Data extracted from a collection>

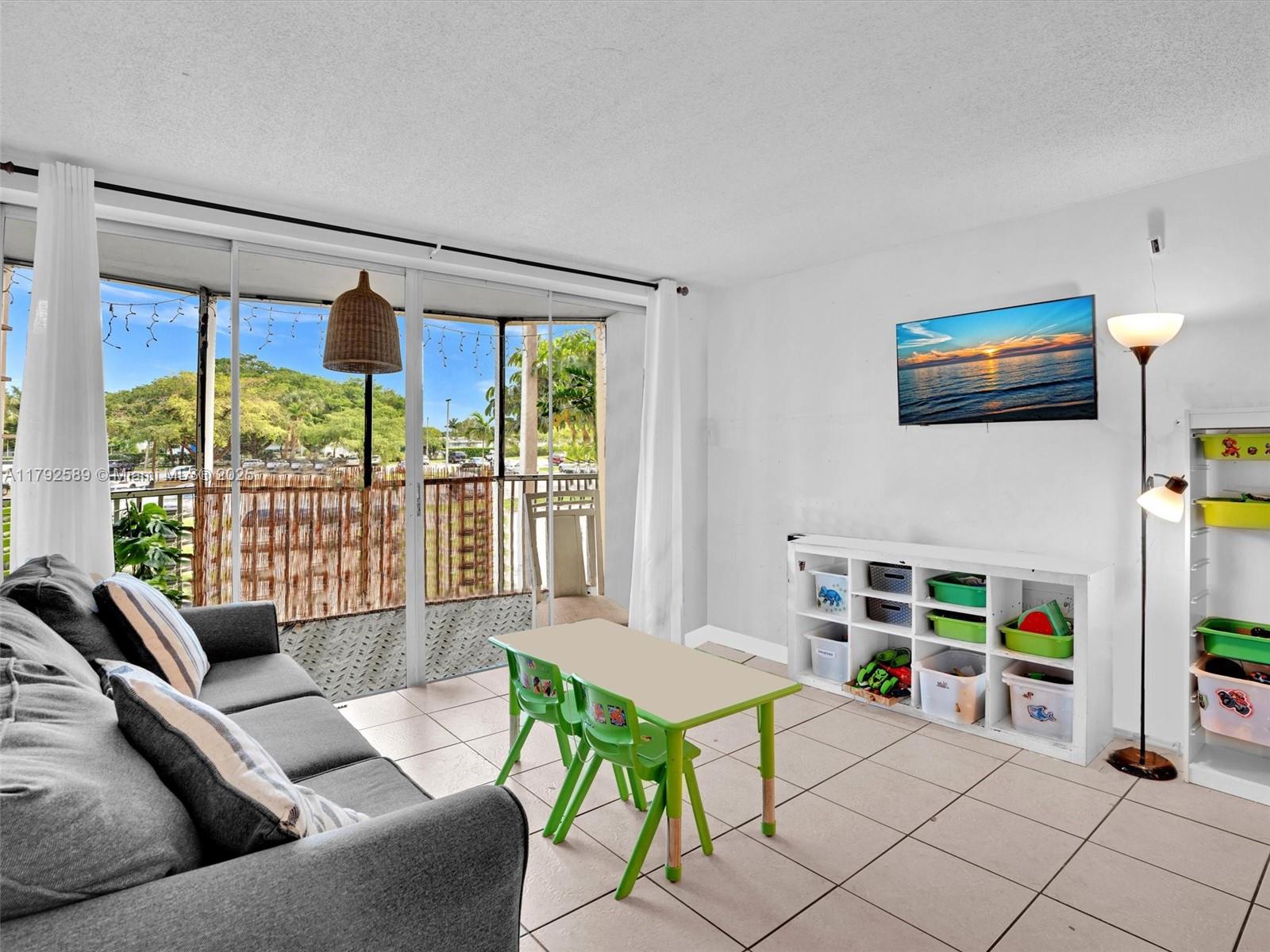 JADE WINDS GROUP - - Residential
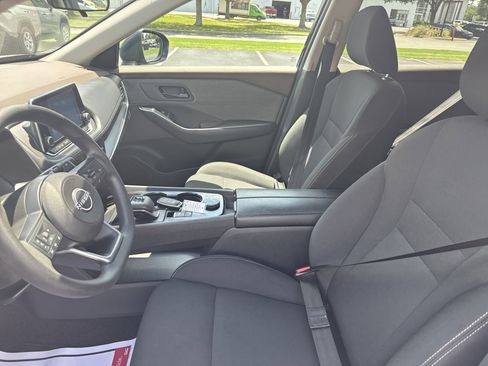 Used 2023 Nissan Rogue S image 13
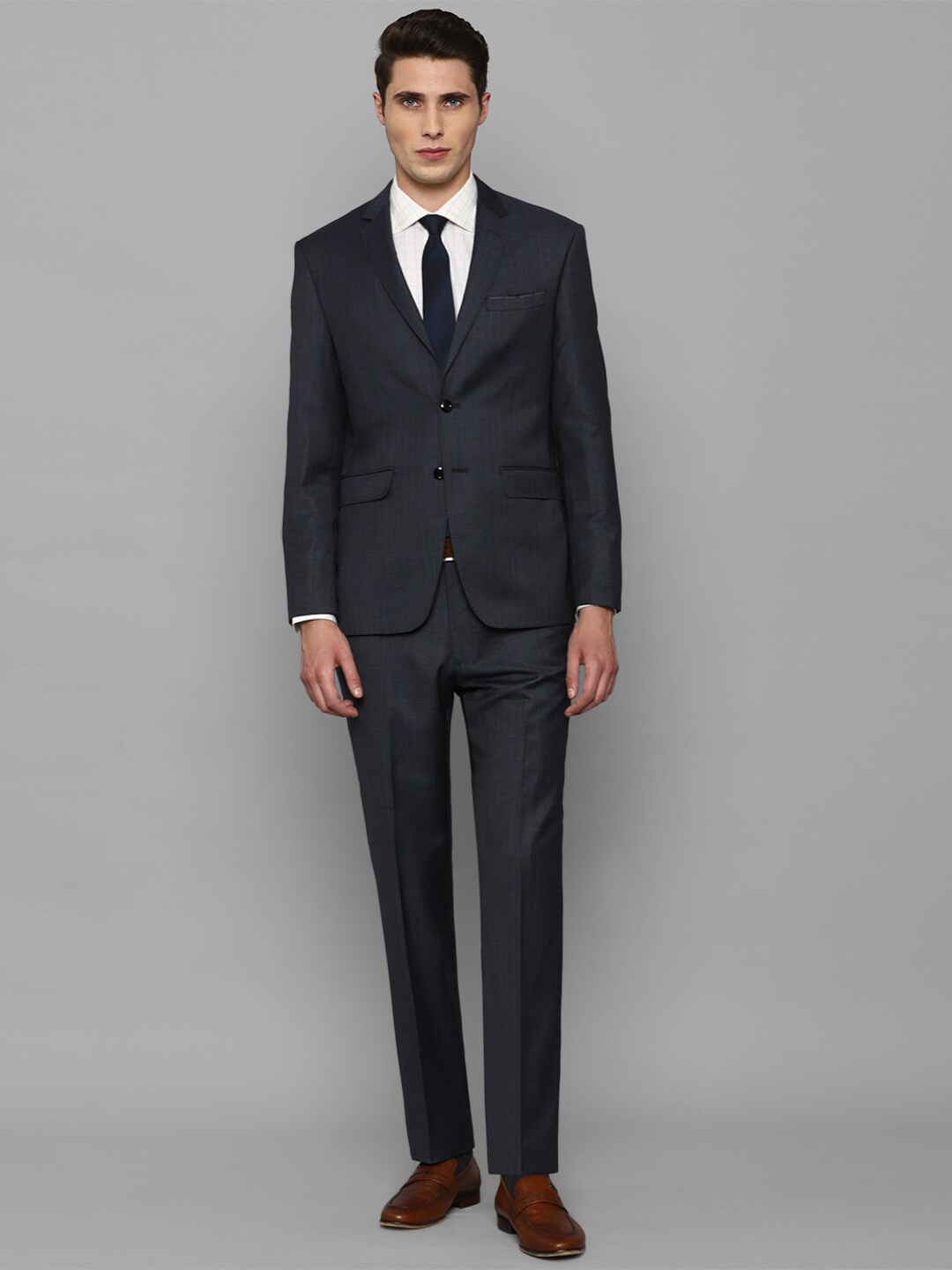 

Luxure by Louis Philippe Men Black Checked Single-Breasted Slim-Fit Two-Piece Suit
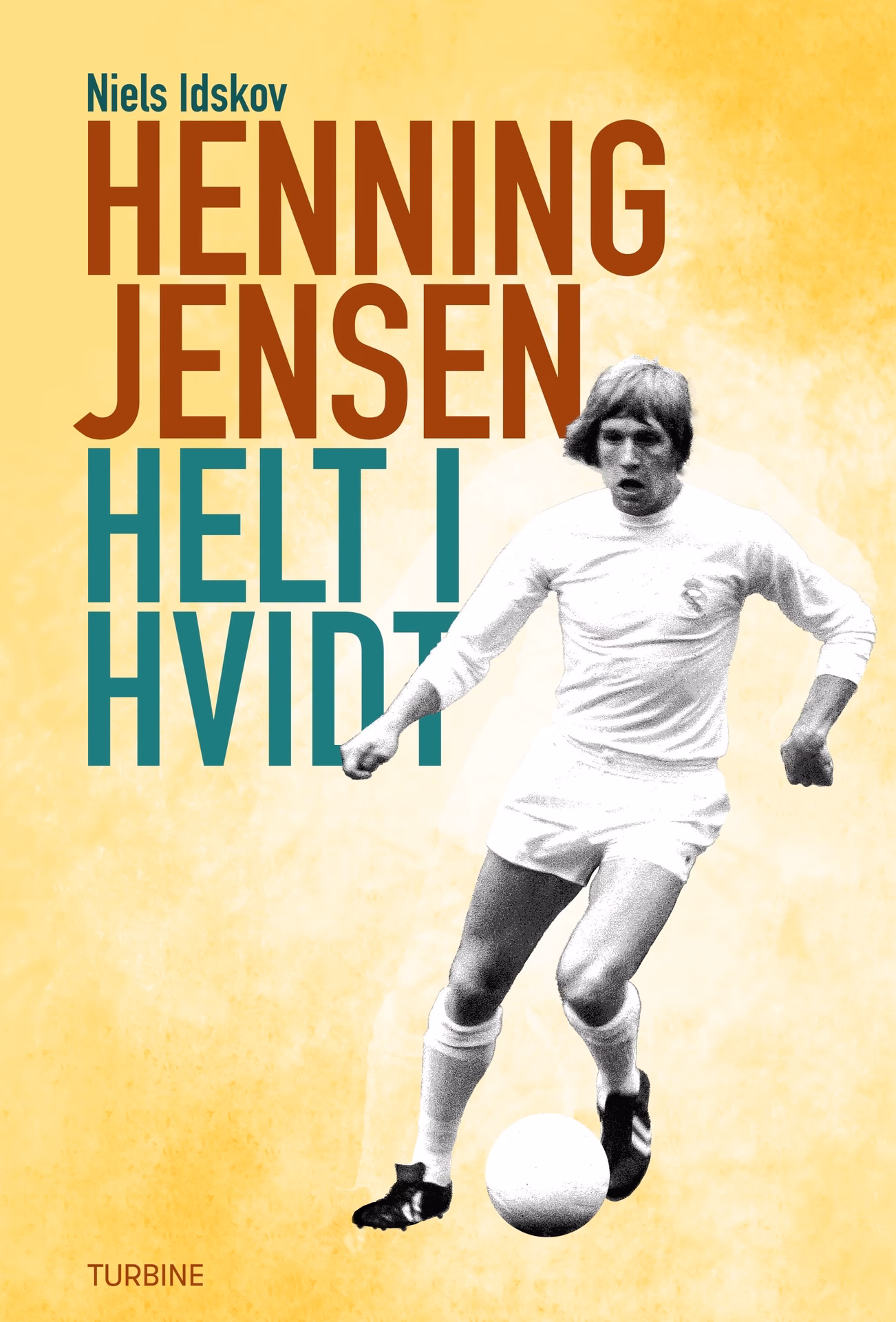 Hvem bor Nicklas Bendtner sammen med?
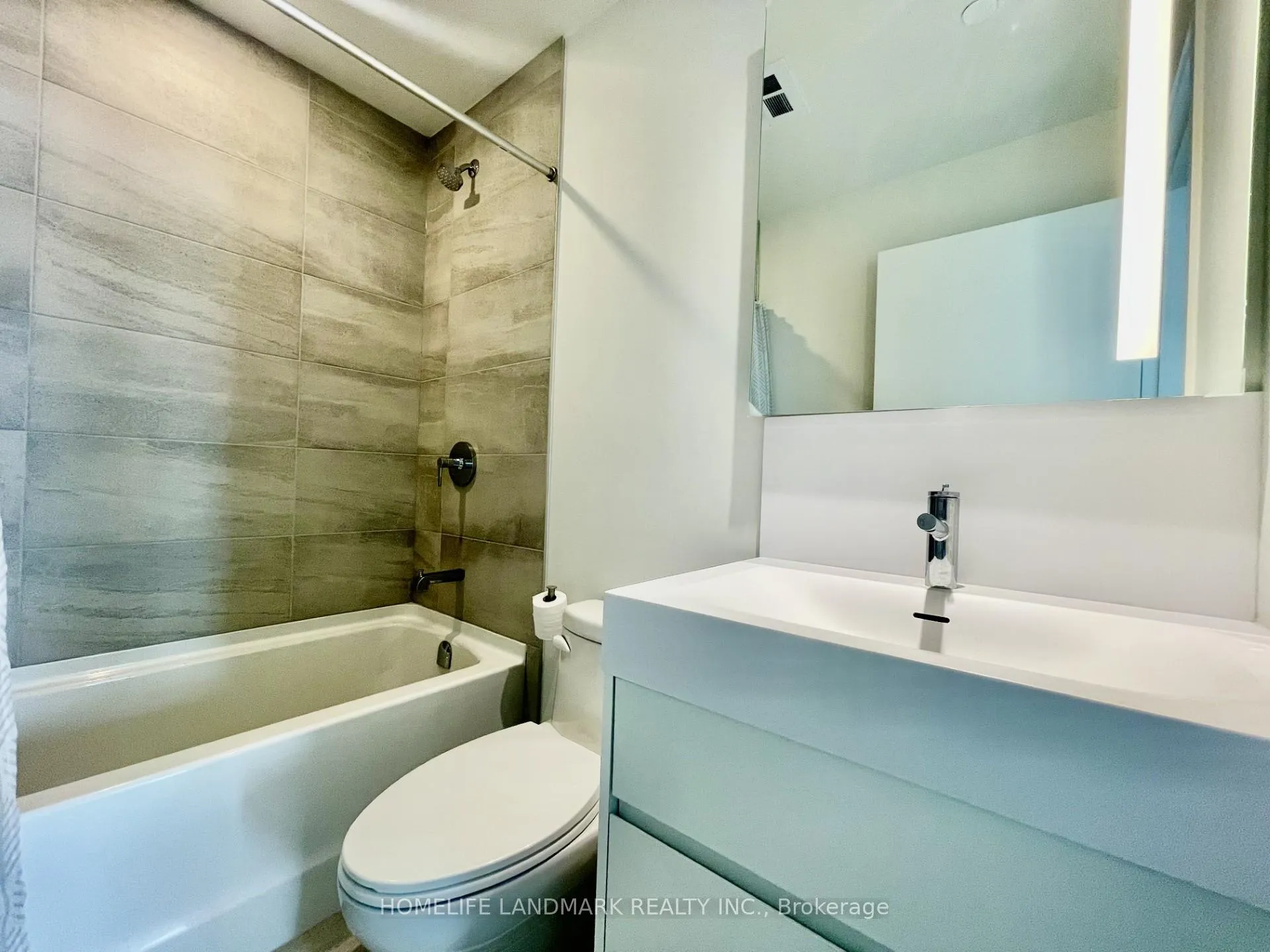 Photo 12 of Unit 1008, 39 Mary Street, Barrie, City Centre — HOMEH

TASK TO CARRY OUT>
Please retype only the lines from the line that holds "Luxure by Louis" through the end of the records, exactly as they stand, and drop every picture.

ANSWER SECTION>
Luxure by Louis Philippe Men Black Checked Single-Breasted Slim-Fit Two-Piece Suit
 Hvem bor Nicklas Bendtner sammen med?
 Photo 12 of Unit 1008, 39 Mary Street, Barrie, City Centre — HOMEH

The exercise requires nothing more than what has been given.